The report recommends the closures because“the Catholic population has dispersed and declined” and because there are fewer priests. According to the report there are 150 priests in active ministry in Salford. Of these, 23 are past the normal retirement age of 75. By 2020 it is estimated that only 108 priests under the age of 75 will be in active ministry.
Bishop Arnold wrote: “I accept immediately that this will be a matter of great sadness to many people who will be asked to transfer their spiritual homes to other churches. This will also be a difficult moment for some priests who will have to come to the conclusion, in the deanery discussions, that even their own parishes must close – communities they may have served for many years.

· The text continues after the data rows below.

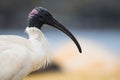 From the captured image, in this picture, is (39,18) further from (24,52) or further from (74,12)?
(74,12)

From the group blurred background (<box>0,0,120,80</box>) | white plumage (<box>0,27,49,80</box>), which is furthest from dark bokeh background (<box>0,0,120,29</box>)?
white plumage (<box>0,27,49,80</box>)

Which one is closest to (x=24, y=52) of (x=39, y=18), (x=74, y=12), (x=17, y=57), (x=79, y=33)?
(x=17, y=57)

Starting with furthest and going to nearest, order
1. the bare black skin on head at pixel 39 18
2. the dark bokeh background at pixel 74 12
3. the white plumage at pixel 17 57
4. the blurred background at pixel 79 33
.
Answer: the dark bokeh background at pixel 74 12 → the blurred background at pixel 79 33 → the bare black skin on head at pixel 39 18 → the white plumage at pixel 17 57

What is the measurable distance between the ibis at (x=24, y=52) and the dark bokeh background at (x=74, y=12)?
10.6 m

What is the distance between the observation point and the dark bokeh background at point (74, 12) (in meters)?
17.8

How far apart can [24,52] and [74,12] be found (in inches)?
A: 480

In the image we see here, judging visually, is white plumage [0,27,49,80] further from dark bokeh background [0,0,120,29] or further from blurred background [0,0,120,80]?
dark bokeh background [0,0,120,29]

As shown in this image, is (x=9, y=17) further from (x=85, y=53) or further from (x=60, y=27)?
(x=60, y=27)

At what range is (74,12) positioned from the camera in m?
18.6

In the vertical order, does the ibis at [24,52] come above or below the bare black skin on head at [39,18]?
below

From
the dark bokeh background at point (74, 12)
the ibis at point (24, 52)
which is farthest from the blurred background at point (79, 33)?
the ibis at point (24, 52)

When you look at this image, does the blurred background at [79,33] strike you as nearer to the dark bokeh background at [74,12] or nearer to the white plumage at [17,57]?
the dark bokeh background at [74,12]

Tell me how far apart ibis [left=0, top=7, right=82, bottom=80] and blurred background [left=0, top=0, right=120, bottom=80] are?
388 cm

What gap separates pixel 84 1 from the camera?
18875 millimetres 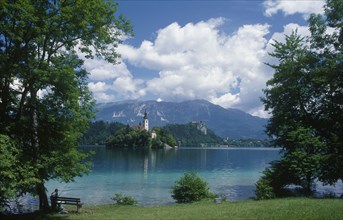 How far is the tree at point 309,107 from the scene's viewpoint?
31.5 m

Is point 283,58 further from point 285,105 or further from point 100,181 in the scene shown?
point 100,181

“In order to realistically realign ourselves for the future, we must now look at reducing our current 150 parishes. Given the geography of the diocese and the Catholic population (both in terms of those who attend Mass and those who do not), 75 parishes will allow for a reasonable distribution of church buildings, with some of those future parishes having more than one church. Pope Francis and the recent Proclaim 15 initiative from the bishops’ conference urge us to think about creating ‘missionary parishes’ and that must be our focus.
“The Catholic population has dispersed and declined and it must be acknowledged that there are many Catholics who do not attend Mass and other church services. As a consequence we have many churches with small communities that have become unviable.”
The bishop said he would “be asking each deanery to provide a recommended plan for the future” and that proposals would be brought back to the people of each deanery before final decisions on closures are made. Bishop Arnold has written a pastoral letter to the diocese outlining the “practical challenges” facing his diocese.
“We have too many small communities, far more than can realistically be served by the priests of the diocese,” he wrote. “Over the next eight months … I will be asking priests and people about the best way of naming what, in the consultation report, I refer to as ‘mission parishes’. The ‘mission parishes’ will each have a resident priest or priests and may well contain more than one church.
“To allow the parishes to be missionary, lay people will have to take up not only a great deal of the administration but also their rightful part as co-workers with the priests in the task of evangelisation and other ministries. There is no doubt that the diocese will change quite dramatically and … the changes will demand a generosity and understanding on the part of priests and people.”